Diurnal representations of wind power outputs are shown in Figure 6, according to the three wind farm sites and 13 experiments. Moreover, MAE is indicated in diurnal representation (Figure 8) and monthly representation (Figure 7). Scores of all experiments are summarized for all locations in Table 4. Evaluation of wind power is based on the model described in Section 2.2.3. The focus of this study is to investigate the credibility of different reanalysis and analysis data sets for wind power potential assessment. However, in addition to inaccuracy of those data sets, the power model itself introduces uncertainties as described in Section 3.2.1. Moreover, wake losses which are not captured at all by the wind power model lead to an overestimation of power production in all cases, justifying positive bias of compared results. Wake losses are strongly related to local conditions, and their assessment shows a large variability between different studies, but they make up roughly 5–15% of the total power production (Lee and Fields, 2021), which corresponds to a decrease of 0.01–0.06 in the capacity factor. In Figure 6, one can see, that the overestimation introduced by NEWA and hourly based corrections of GWA-3 is in the order of 0.1–0.25 of the capacity factor, and can therfore not be explained by the wake loss effect alone.


Figure 6. Diurnal presentation of hourly average wind power using different datasets (colors) and different correction methods (columns) at the three investigated locations (rows). The wind power is normalized by the nominal power of the respective wind farm. In other words, the diurnal variation of the capacity factor is shown.


Figure 7. Diurnal presentation of the mean absolute error of the wind power using different datasets (colors) and different correction methods (columns) at the three investigated locations (rows). The mean absolute error is normalized by the nominal power of the respective wind farm.


Table 4. Bias, mean absolute error, and RMSE of the raw, GWA corrected, and NEWA corrected reanalysis fields plus NEWA and GAM analysis metrics.

In comparison to diurnal circles of normalized wind power production (Figure 6), one can see that power evaluations based on hourly GWA3 corrections overestimate real data at all sites. The raw NEWA data set also overestimates the actual data in case of CPLX-1, but matches the actual data surprisingly well in case of CPLX-2. Raw reanalysis datasets, in contrast, tend to underestimate production, especially in complex terrain. This backs up the findings by Minola et al. (2020).

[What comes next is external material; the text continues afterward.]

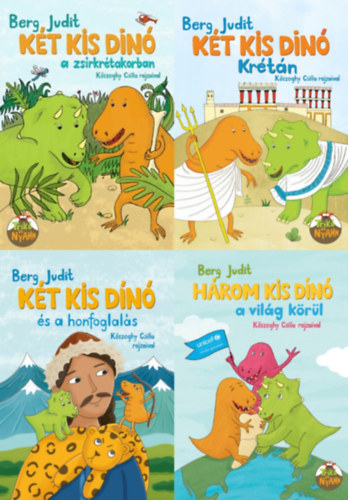 Berg Judit: 4 db mesekönyv a Két kis dínó sorozatból: Két ​kis dínó a zsírkréta korban + Két ​kis dínó Krétán + Két ​kis dínó és a honfoglalás + Három kis dínó a világ körül (A Két kis dínó sorozat 1., 4., 6. és 9. része) antikvár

For the wind power sites in mountainous area, namely, CPLX-1 and CPLX-2 (see Figures 6, 7, second row and third row), the hourly corrected data based on NEWA clearly outperforms the raw reanalysis data. Despite of an obvious bias in the case of CPLX-1, the course of NEWA matches the course of the original data quite well, making it interesting for hourly based correction. In addition, the positive bias of NEWA is able to counteract to the negative bias of the raw reanalysis data sets. For CPLX-1, hourly correction of ERA5 based on NEWA shows the best performance with a bias of −0.04-, a mean absolute error of −0.17-, and an RMSE of 0.24 times the nominal power. For CPLX-2, already the raw NEWA data outperforms other datasets with a bias of 0.003-, an MAE of 0.14-, and an RMSE of 0.21 times the nominal power. In addition, hourly based correction based on NEWA improved RMSE and mean absolute error of GAM, MERRA2, and ERA5, as well as the bias of all considered data. Hourly correction based on GWA3 rarely improved the performance of raw data, in most cases it lead to poor results.

The ranking of reanalysis and analysis data sets is different when comparing the results from the wind speed analysis (Section 3.1) with the results from wind power analysis at the CPLX-2 site: raw NEWA and hourly NEWA-based correction of GAM perform slightly better than hourly NEWA-based corrections of MERRA2 and ERA5 when it comes to wind power. However, when comparing the analysis (Figure 3: 3rd graph in the second row, and Figure 7: 3rd graph in the third row) only small differences between the data sets occur, and a similar overall performance is reached for wind speeds and wind power, respectively.

In complex terrain, all datasets perform better in summer than in winter. This can be clearly seen in Figure 8, where the mean absolute error is higher in the winter months in the second (CPLX-1) row and third (CPLX-2) row, for nearly all datasets. This can only be partially explained by an increased bias of the wind power model in winter in complex terrain (see Figure 5).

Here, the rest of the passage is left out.